With respect to straight-way running techniques, existing specialized exercises are mainly focused on the lower limbs. Such as running with little step, running with high leg lifting, running with wheels, running with back pedal, running with cross step, etc. Regarding hands, there are few special exercises other than semi-fist making and finger stretching. During running, how to evaluate the work efficiency of the upper limb output and how to increase the work efficiency are unknown.
Disclosure of Invention
The technical problems to be solved by the invention are as follows: provided are a method and a terminal for evaluating an upper limb running in a straight path, which can provide a model for evaluating an upper limb running in a straight path.
In order to solve the technical problems, the invention adopts the following technical scheme:
an evaluation method of upper limbs in straight-way running comprises the following steps:
simplifying bilateral upper limb swing into two triple swing structures only comprising a hand, a forearm and an upper arm, and establishing Lagrange quantities describing each link of upper limb swing;
establishing a Lagrangian equation of the upper limb movement based on the Lagrangian principle and the parallel axis principle;
substituting the Lagrangian quantities of all links into the Lagrangian equation to obtain Lagrangian quantities of the upper limbs on the left side and the right side;
based on the Lagrangian equation and the Lagrangian amounts of the left and right upper limbs, performing a simulation experiment to obtain an experimental result, and analyzing the experimental result to obtain an upper limb evaluation result of running in the straight road.

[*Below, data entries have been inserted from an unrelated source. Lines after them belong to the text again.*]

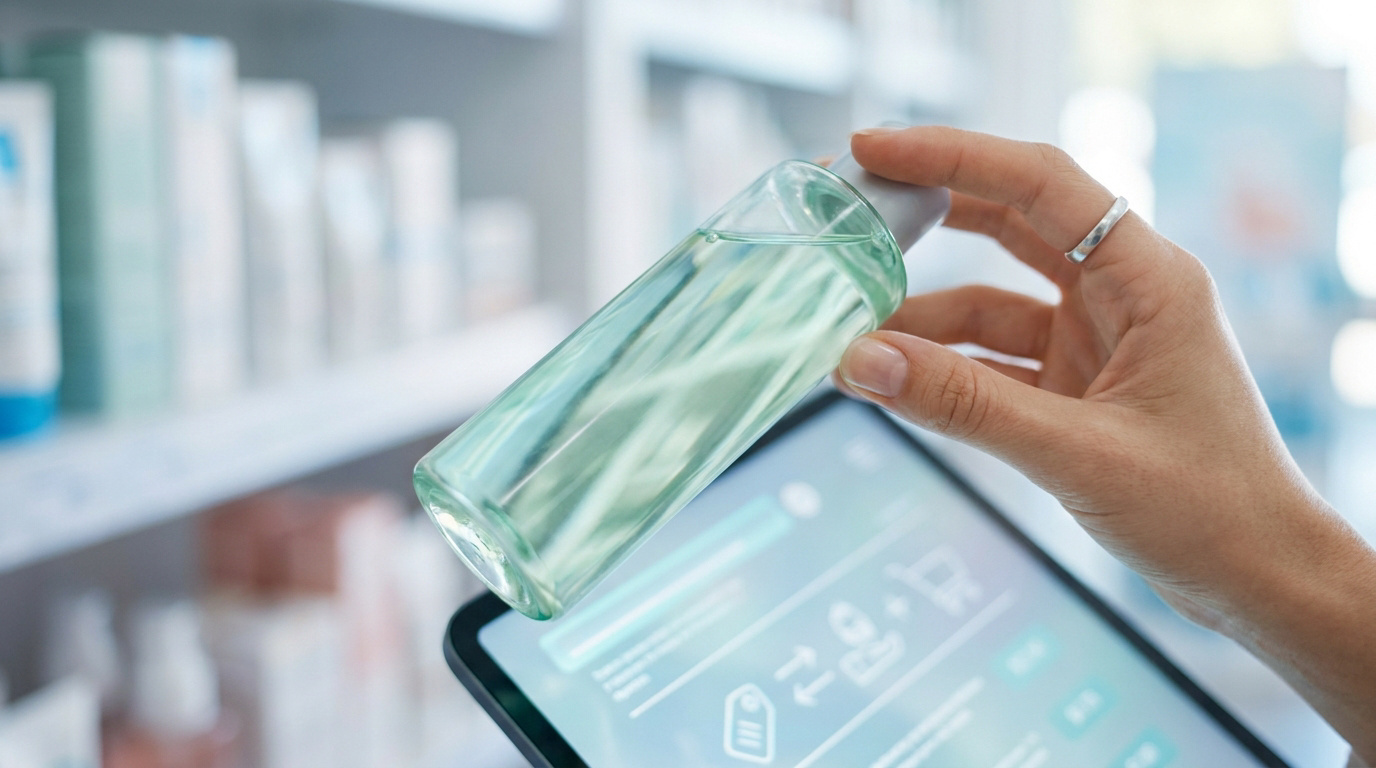 Une main tient une lotion transparente devant une tablette affichant des informations d'achat dans une pharmacie.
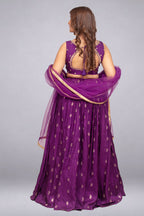 Bright Purple All-Over Zari Motif Lehenga Set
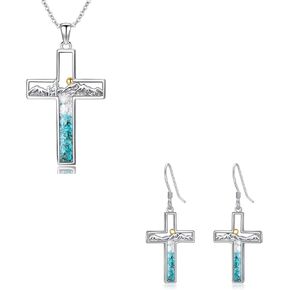 Mountain Cross Necklace Earrings Sets for Women 925 Sterling Silver Turquoise Cross Mountain Sun Dangle Drop Earrings Nature Jewelry Christmas Hiking Gifts for Outdoorsy Skiers Hikers Campers Climbers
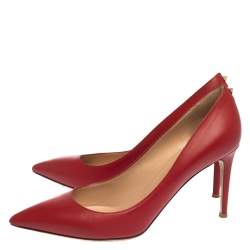Pre Owned Valentino Red Leather Studded Pointed Toe Pumps Size 39.5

In order to solve the technical problems, the invention adopts another technical scheme that:
the evaluation terminal for the straight-path on-the-way running upper limb comprises a memory, a processor and a computer program which is stored in the memory and can run on the processor, wherein the processor realizes the evaluation method for the straight-path on-the-way running upper limb when executing the computer program.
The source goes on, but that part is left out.